The ACC said recapturing such waste plastic would help to create a "reliable source of alternative energy from an abundant, no-cost feedstock" while diverting potentially valuable material from landfills. The report found that many of these plastic-to-fuel conversion technologies are already being implemented on a commercial scale in Europe and Asia.
Citing 2007 LA county data, the study cited five companies offering anaerobic digestion, thermal depolymerization, pyrolysis, and high- and low-temperature gasification. The throughputs for the technologies from Arrow Ecology and Engineering, Changing World Technologies, International Environmental Solutions, Interstate Waste Technologies, and NTech Environmental range in outputs from 125 to 935 tons/day.
Fuel yields and production costs will vary based the nature of the feedstock and regional labor and energy costs but as a general example the report found that:
- One ton of mixed scrap plastic = 264 gallons of consumer-ready fuel
- Production costs (if plastic is free) = $0.75 per gallon
As for the business model, benefits could be derived from either the sale of the fuel product, or the offsetting of fuel costs if a company uses the fuel internally.
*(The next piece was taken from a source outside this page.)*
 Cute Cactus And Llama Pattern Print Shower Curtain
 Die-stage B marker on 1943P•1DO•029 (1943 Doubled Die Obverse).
PTF-derived fuel is reportedly competitive to traditionally-derived fuel, even if the price of crude oil drops to about $40 per barrel.
In terms of maximizing the inherent energy of plastics, pyrolysis seems to be a better option than incineration with energy recovery. Using the same formula for estimated production numbers, 5.6 lb of scrap plastic would produce one gallon of diesel fuel. In terms of energy values:
- One gallon of oil = 138,095 BTU
- One pound of mixed plastic = 15,500 BTUs (when incinerated)
Based on the calculation, one ton of scrap plastics would produce 264 gallons of consumer-ready fuel, with about 7.57 lb of plastic to make one gallon of fuel.
The BTU value of 7.57 lb of plastic when incinerated would be about 117,424 BTUs. "Compare that to the 138,095 BTU value of diesel, which also requires 7.57 pounds of plastic, and these calculations suggest that PTF yields better energy value from scrap plastics," the report stated. Also to be considered is the BTU value of the so-called "char residual" left over from the process.
The ACC also released a series of cases studies examining waste-to-energy (WTE) facilities, finding that currently in the U.S., there are 86 WTE facilities that process nearly 30 million tons of solid waste annually, recovering enough energy to power 2 million homes. That's enough to save the equivalent of 30 million barrels of oil and prevent the release of 40 million tons of greenhouse gas emissions annually.
According to the U.S. Environmental Protection Agency, the United States currently recovers the energy from about 14% of waste through WTE facilities. But these technologies are more prevalent in Japan and Europe, which use WTE to recover energy from 75% and 40% of municipal solid waste, respectively.